Task instructions: Would you return exactly the lines below from the line with "Telugu Warriors Vs" through the line with "<b>CENTRO STORICO.</b> Quasi", both included, and nothing else, leaving out the pictures?

Records to use:
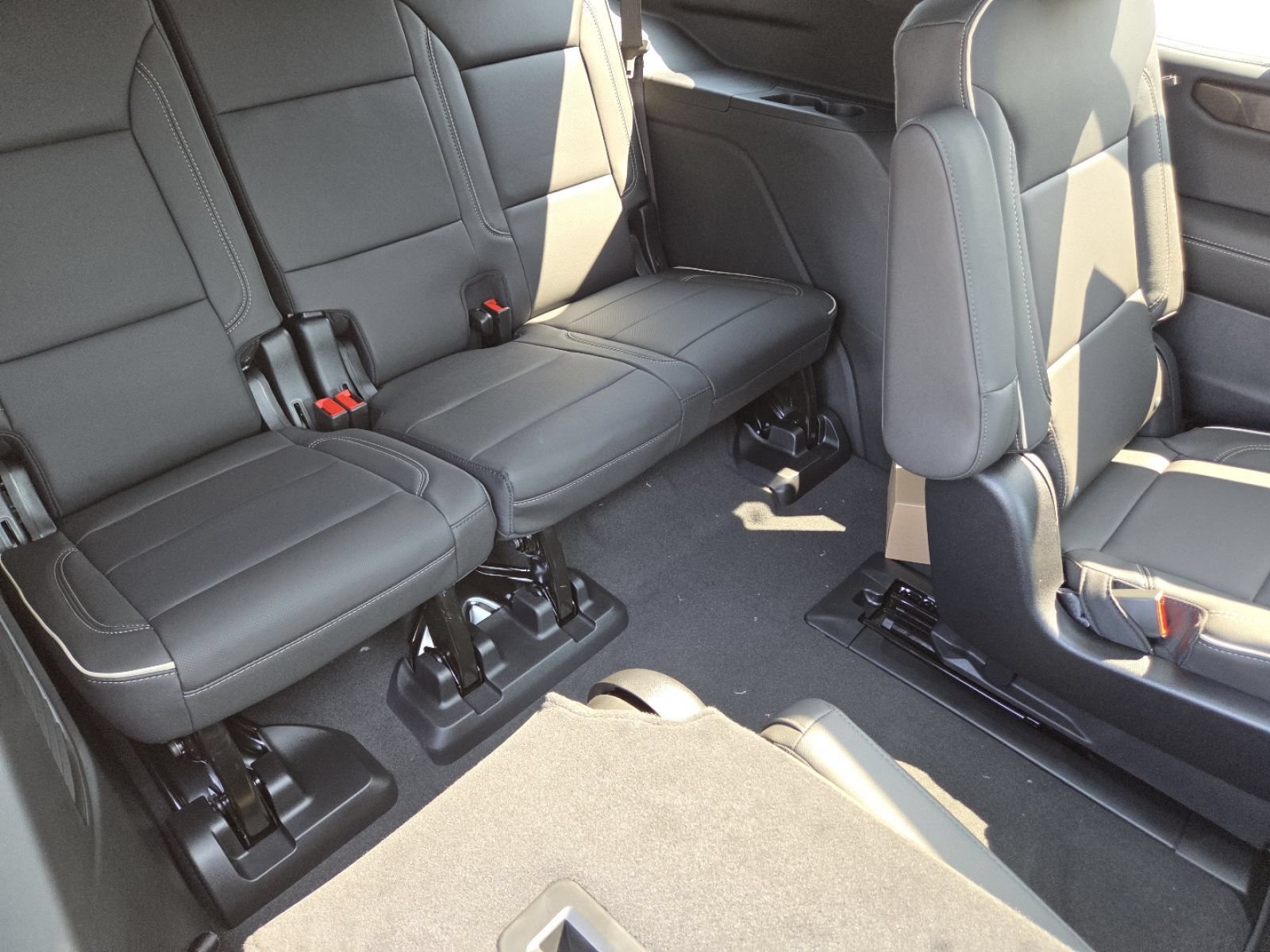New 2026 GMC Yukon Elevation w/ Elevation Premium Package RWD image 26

...

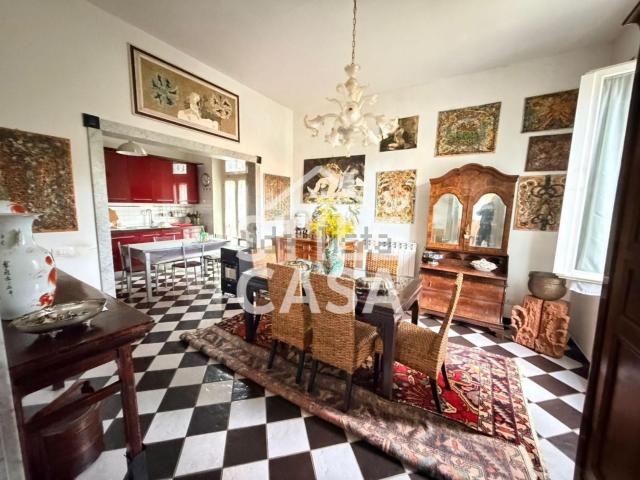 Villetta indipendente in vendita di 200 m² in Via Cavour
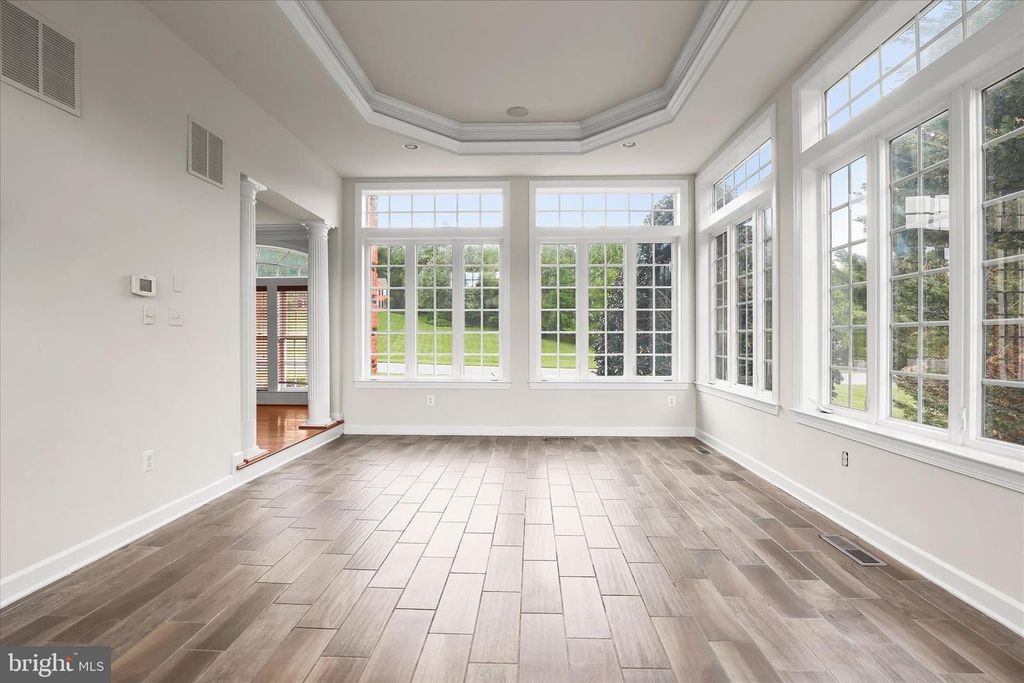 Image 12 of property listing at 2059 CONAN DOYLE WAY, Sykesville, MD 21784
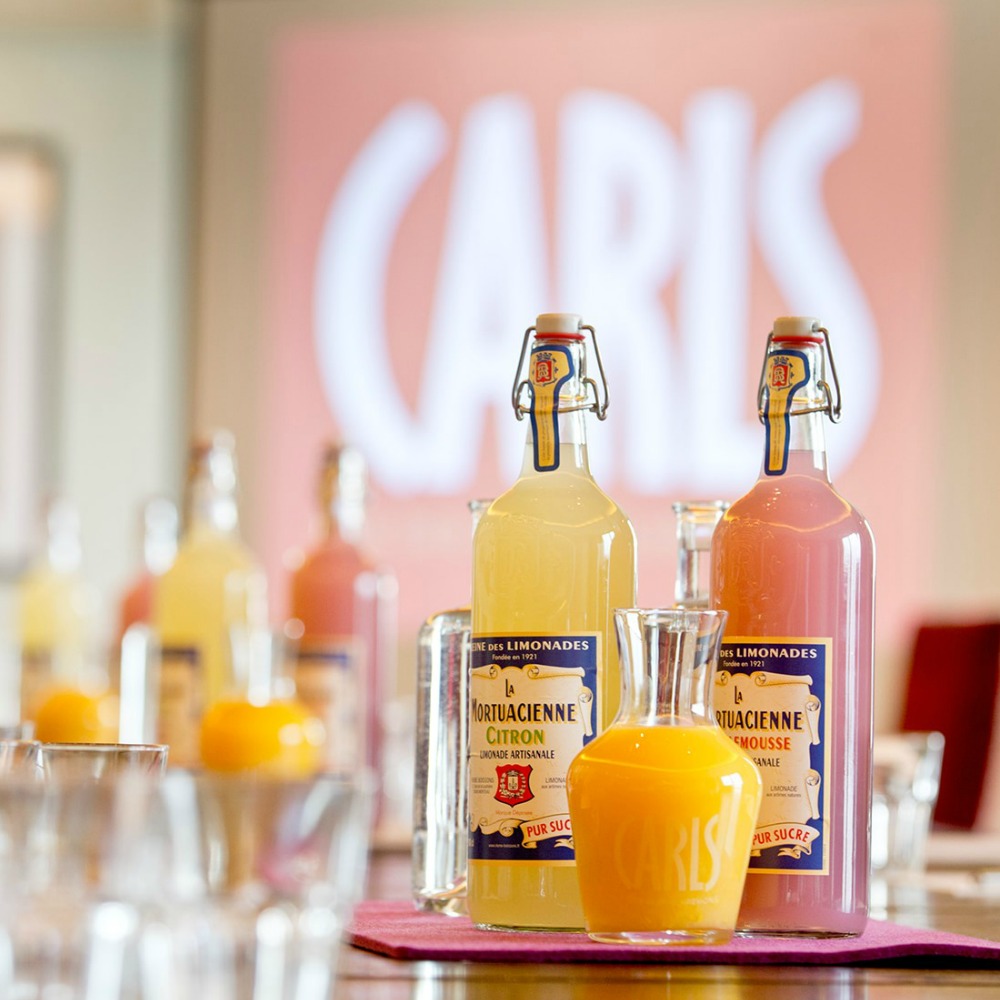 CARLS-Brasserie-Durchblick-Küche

--

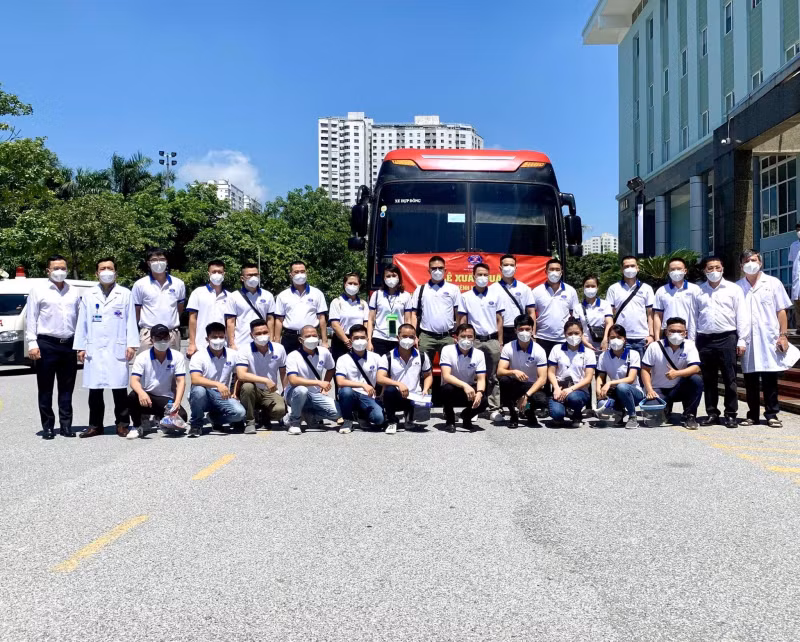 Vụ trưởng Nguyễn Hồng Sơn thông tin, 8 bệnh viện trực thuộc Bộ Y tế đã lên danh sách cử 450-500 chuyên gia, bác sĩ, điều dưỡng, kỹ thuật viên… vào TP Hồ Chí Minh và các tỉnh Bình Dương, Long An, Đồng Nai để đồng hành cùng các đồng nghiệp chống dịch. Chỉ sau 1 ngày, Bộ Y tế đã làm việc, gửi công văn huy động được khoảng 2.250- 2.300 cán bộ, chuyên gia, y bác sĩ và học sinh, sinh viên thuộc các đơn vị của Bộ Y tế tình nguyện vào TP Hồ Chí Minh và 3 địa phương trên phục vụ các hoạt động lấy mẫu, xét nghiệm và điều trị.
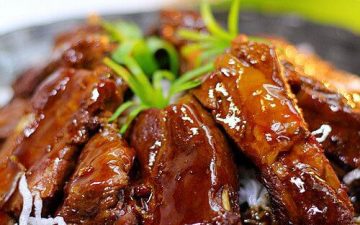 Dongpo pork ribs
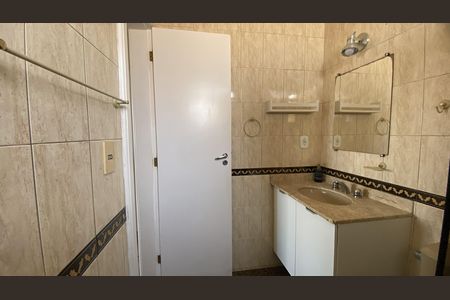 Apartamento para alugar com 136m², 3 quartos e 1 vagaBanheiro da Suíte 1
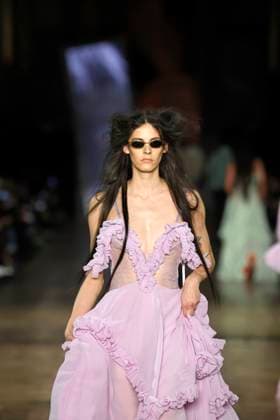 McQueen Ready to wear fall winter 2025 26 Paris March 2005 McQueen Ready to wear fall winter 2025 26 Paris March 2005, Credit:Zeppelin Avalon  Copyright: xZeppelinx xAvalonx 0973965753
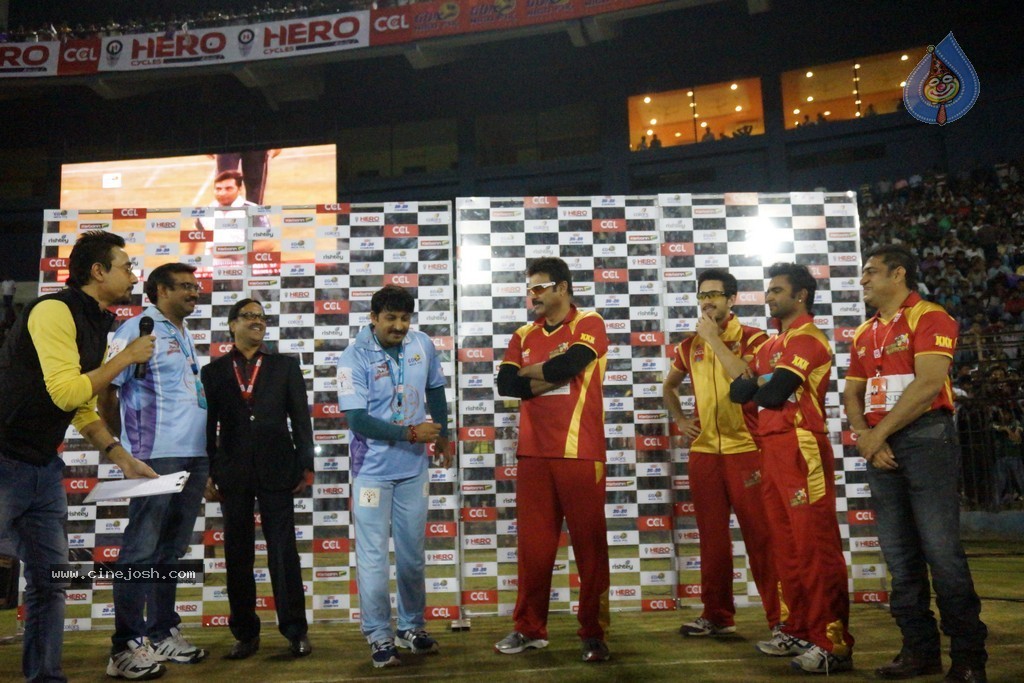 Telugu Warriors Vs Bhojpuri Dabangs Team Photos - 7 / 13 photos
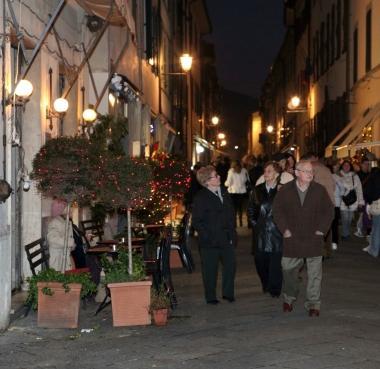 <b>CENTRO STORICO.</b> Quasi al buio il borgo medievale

Response box:
 Telugu Warriors Vs Bhojpuri Dabangs Team Photos - 7 / 13 photos
 <b>CENTRO STORICO.</b> Quasi al buio il borgo medievale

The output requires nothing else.